§ The data:
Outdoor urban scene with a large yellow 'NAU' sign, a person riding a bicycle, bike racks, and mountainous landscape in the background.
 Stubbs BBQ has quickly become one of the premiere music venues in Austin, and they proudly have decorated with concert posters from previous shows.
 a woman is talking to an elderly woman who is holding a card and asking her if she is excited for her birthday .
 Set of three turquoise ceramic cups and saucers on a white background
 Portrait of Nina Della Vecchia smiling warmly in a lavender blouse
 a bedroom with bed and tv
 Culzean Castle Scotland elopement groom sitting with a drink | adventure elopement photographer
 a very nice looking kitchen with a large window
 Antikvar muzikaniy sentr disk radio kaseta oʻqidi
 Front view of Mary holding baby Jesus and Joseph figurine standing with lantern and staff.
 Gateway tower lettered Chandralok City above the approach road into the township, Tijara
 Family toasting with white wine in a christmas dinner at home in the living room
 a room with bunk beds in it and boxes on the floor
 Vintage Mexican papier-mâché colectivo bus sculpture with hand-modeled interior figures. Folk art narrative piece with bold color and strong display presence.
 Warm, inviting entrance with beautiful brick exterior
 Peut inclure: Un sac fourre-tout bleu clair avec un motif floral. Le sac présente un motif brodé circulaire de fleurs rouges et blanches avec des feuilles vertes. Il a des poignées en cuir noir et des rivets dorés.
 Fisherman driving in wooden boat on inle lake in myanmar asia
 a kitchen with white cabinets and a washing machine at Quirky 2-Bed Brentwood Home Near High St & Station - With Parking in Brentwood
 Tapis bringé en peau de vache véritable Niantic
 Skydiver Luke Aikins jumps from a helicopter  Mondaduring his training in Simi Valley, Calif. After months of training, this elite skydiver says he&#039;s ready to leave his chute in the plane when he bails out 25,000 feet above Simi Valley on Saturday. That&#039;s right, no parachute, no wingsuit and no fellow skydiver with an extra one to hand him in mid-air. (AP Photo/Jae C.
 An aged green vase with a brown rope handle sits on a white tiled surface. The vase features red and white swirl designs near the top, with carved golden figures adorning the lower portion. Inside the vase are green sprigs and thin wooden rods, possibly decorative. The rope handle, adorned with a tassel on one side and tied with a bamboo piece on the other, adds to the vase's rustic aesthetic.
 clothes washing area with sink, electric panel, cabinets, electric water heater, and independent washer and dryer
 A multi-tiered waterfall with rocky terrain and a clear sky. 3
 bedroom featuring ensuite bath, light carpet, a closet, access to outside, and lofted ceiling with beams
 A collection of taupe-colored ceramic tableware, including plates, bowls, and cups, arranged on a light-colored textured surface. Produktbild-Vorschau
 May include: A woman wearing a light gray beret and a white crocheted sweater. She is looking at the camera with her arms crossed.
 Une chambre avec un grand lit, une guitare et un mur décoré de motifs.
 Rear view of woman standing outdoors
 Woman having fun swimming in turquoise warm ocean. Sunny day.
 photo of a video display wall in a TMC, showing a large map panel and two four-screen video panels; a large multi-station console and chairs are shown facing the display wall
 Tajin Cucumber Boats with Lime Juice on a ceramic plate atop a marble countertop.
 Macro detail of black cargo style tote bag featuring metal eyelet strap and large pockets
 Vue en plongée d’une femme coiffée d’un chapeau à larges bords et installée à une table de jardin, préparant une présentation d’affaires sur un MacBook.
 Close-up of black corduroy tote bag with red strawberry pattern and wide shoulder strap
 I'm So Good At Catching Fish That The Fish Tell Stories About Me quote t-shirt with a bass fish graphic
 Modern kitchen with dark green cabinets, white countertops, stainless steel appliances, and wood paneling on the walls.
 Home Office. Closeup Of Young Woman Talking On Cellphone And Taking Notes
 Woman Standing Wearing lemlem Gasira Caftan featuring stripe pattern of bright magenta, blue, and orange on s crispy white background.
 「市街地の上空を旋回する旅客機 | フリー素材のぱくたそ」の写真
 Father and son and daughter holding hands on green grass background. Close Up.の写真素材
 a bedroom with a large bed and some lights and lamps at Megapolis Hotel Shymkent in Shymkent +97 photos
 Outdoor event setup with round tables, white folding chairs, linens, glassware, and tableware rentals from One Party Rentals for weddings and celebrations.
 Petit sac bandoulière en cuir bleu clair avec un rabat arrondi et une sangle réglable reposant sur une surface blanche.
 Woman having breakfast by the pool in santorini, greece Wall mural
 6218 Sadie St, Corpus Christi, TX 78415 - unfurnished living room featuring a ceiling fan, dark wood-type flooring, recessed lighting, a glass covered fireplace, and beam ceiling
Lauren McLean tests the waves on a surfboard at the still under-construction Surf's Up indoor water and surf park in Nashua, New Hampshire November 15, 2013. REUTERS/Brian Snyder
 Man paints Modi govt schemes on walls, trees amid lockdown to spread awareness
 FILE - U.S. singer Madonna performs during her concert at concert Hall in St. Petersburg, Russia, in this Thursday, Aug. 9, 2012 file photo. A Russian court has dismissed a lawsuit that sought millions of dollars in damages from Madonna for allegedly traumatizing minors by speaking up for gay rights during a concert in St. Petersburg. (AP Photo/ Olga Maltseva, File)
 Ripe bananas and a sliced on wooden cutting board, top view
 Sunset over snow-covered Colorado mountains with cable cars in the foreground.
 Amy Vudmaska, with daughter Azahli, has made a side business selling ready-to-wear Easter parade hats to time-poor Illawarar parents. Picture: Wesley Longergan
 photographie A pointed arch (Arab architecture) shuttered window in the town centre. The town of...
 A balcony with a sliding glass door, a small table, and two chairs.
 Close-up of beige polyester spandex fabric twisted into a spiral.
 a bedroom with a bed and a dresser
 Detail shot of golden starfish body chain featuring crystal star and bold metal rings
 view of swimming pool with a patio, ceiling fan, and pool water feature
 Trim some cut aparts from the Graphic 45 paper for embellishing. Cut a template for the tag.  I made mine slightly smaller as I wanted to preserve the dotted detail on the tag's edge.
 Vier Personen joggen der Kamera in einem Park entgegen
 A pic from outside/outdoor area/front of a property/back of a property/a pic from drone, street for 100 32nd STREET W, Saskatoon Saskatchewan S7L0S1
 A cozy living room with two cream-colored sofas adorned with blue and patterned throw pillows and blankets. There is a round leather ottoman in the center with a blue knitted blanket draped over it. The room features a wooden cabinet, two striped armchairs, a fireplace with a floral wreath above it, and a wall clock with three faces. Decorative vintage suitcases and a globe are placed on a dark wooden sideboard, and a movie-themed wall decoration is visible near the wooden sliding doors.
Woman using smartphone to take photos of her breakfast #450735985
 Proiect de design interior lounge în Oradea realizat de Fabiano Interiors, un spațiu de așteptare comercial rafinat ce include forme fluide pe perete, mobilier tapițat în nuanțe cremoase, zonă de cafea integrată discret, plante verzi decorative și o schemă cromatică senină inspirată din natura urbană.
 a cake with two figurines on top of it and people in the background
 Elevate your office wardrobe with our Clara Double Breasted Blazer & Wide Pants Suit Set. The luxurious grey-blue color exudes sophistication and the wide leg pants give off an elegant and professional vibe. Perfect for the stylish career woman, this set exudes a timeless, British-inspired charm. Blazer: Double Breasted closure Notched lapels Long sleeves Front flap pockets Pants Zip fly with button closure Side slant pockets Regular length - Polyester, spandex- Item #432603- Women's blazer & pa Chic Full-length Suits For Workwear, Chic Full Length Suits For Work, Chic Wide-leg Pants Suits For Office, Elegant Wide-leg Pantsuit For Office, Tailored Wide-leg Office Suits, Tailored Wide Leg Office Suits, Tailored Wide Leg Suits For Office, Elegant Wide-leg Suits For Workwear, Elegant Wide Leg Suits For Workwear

§ Requirement:
Among the lines above, find those containing the word "multi" and copy each.

§ Response:
 A multi-tiered waterfall with rocky terrain and a clear sky. 3
 photo of a video display wall in a TMC, showing a large map panel and two four-screen video panels; a large multi-station console and chairs are shown facing the display wall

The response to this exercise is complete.